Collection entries

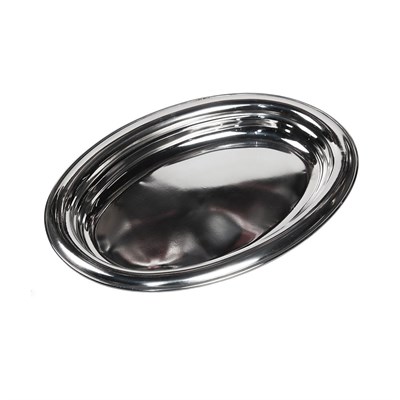 Блюдо металлическое, овальное 30*5 см, P.L. Proff Cuisine 81271031 - фото 41837855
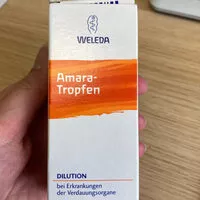 Mängden socker i Amara Tropfen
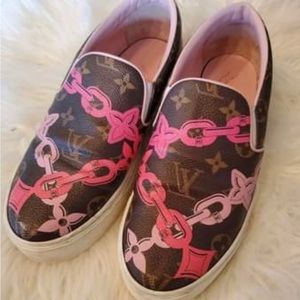 Louis Vuitton monogram shoes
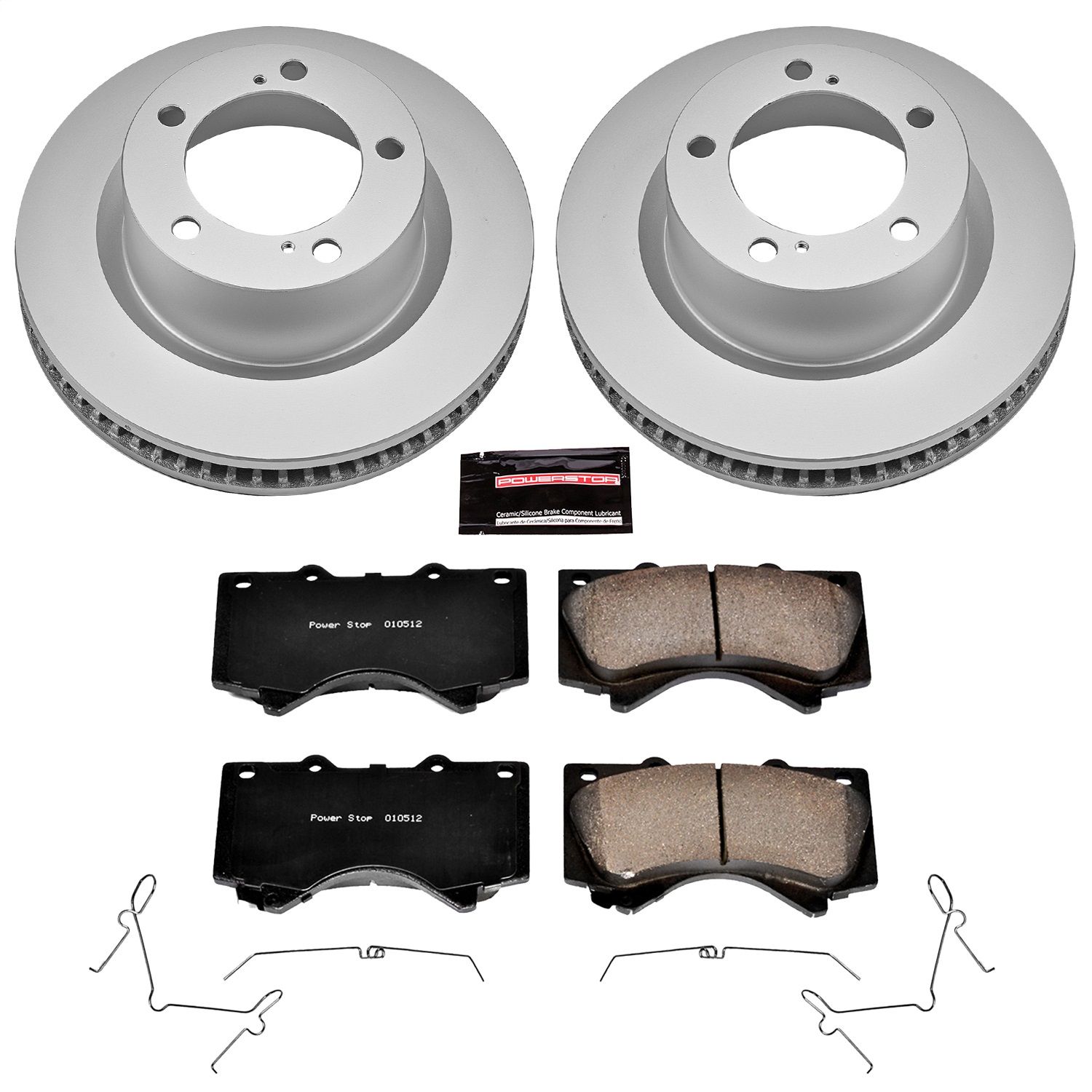 2015, 2014, 2013, 2012, 2011, 2010, 2009, 2008 Lexus LX570 Disc Brake Kit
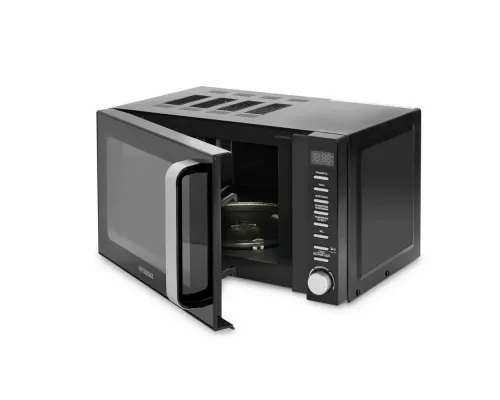 Микроволновая печь Hyundai HYM-D3044 черный/серебристый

→ **Aim of the exercise**: Please retype the data exactly as it appears, but without any of its pictures.

→ **Expected answer**:
 Блюдо металлическое, овальное 30*5 см, P.L. Proff Cuisine 81271031 - фото 41837855
 Mängden socker i Amara Tropfen
 Louis Vuitton monogram shoes
 2015, 2014, 2013, 2012, 2011, 2010, 2009, 2008 Lexus LX570 Disc Brake Kit
 Микроволновая печь Hyundai HYM-D3044 черный/серебристый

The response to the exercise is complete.